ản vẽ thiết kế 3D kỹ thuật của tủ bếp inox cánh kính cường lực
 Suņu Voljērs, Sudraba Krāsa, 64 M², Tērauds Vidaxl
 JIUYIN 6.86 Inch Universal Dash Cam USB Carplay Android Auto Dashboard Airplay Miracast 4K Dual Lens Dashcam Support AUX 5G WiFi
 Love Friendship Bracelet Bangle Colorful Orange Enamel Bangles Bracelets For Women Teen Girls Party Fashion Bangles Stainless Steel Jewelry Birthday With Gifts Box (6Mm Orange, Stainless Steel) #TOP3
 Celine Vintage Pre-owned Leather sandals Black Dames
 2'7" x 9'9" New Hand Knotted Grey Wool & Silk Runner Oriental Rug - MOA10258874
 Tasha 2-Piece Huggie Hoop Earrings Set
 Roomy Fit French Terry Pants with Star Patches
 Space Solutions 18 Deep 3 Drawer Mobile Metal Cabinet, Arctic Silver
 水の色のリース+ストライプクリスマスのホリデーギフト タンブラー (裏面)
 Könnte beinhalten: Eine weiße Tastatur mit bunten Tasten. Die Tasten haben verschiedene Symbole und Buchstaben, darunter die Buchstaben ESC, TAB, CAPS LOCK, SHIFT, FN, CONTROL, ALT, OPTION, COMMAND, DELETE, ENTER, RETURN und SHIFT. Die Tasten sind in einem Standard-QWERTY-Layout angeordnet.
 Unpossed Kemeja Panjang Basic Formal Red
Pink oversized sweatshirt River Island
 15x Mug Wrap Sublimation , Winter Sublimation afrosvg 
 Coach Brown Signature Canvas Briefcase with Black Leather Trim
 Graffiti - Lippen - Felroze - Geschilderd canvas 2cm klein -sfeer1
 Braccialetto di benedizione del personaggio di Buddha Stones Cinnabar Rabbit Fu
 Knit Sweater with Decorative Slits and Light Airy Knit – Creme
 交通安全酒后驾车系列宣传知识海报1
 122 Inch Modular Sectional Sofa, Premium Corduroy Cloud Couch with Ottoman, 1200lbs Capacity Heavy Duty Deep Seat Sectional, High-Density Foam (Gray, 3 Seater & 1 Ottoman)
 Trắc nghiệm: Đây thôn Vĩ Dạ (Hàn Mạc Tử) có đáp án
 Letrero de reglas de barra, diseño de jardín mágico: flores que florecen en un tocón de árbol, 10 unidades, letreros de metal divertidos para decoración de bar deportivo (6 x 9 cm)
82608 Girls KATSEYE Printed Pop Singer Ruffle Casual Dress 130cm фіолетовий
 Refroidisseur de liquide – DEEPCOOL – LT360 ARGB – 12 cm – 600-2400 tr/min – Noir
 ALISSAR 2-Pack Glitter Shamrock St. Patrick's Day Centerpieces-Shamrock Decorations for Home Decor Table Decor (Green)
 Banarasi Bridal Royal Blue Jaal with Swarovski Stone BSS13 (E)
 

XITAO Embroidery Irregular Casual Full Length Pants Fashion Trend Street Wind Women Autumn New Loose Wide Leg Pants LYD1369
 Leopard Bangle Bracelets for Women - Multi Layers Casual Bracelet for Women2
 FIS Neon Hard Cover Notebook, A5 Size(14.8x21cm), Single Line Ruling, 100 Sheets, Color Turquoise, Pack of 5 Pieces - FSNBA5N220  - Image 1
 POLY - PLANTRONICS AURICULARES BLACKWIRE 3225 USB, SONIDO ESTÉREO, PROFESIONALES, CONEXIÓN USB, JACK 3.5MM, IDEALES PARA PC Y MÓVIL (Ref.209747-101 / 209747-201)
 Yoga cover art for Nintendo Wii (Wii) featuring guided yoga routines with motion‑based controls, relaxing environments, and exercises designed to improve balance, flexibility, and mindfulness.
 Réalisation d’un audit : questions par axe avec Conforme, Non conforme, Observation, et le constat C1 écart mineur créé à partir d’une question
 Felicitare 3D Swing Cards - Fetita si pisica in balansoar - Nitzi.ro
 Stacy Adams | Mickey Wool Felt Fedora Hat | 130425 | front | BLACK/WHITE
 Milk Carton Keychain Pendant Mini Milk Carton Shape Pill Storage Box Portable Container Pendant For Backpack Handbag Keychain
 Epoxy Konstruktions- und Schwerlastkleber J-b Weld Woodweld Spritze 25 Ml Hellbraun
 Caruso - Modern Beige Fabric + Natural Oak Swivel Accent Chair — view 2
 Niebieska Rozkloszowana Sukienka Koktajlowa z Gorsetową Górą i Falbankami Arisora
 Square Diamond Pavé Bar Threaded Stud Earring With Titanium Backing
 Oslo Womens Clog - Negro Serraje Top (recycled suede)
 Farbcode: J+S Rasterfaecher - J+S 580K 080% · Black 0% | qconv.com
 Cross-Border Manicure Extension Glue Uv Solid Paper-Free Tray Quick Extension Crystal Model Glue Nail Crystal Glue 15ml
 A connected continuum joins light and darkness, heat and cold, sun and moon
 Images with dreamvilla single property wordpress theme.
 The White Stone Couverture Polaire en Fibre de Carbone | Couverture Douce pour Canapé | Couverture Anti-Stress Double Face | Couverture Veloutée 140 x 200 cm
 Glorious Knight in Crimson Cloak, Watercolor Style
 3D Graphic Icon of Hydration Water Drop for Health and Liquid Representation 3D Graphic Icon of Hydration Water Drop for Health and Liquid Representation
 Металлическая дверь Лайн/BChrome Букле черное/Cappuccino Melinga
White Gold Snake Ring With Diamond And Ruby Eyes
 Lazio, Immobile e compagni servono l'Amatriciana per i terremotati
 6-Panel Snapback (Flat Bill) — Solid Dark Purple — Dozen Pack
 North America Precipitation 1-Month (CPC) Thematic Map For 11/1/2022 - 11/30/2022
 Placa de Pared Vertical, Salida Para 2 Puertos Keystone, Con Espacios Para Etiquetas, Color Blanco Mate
-------------------------
■ Task to carry out ■
Copy out each line of the records that holds the string "Girls".

■ Answer to this task ■
 Love Friendship Bracelet Bangle Colorful Orange Enamel Bangles Bracelets For Women Teen Girls Party Fashion Bangles Stainless Steel Jewelry Birthday With Gifts Box (6Mm Orange, Stainless Steel) #TOP3
82608 Girls KATSEYE Printed Pop Singer Ruffle Casual Dress 130cm фіолетовий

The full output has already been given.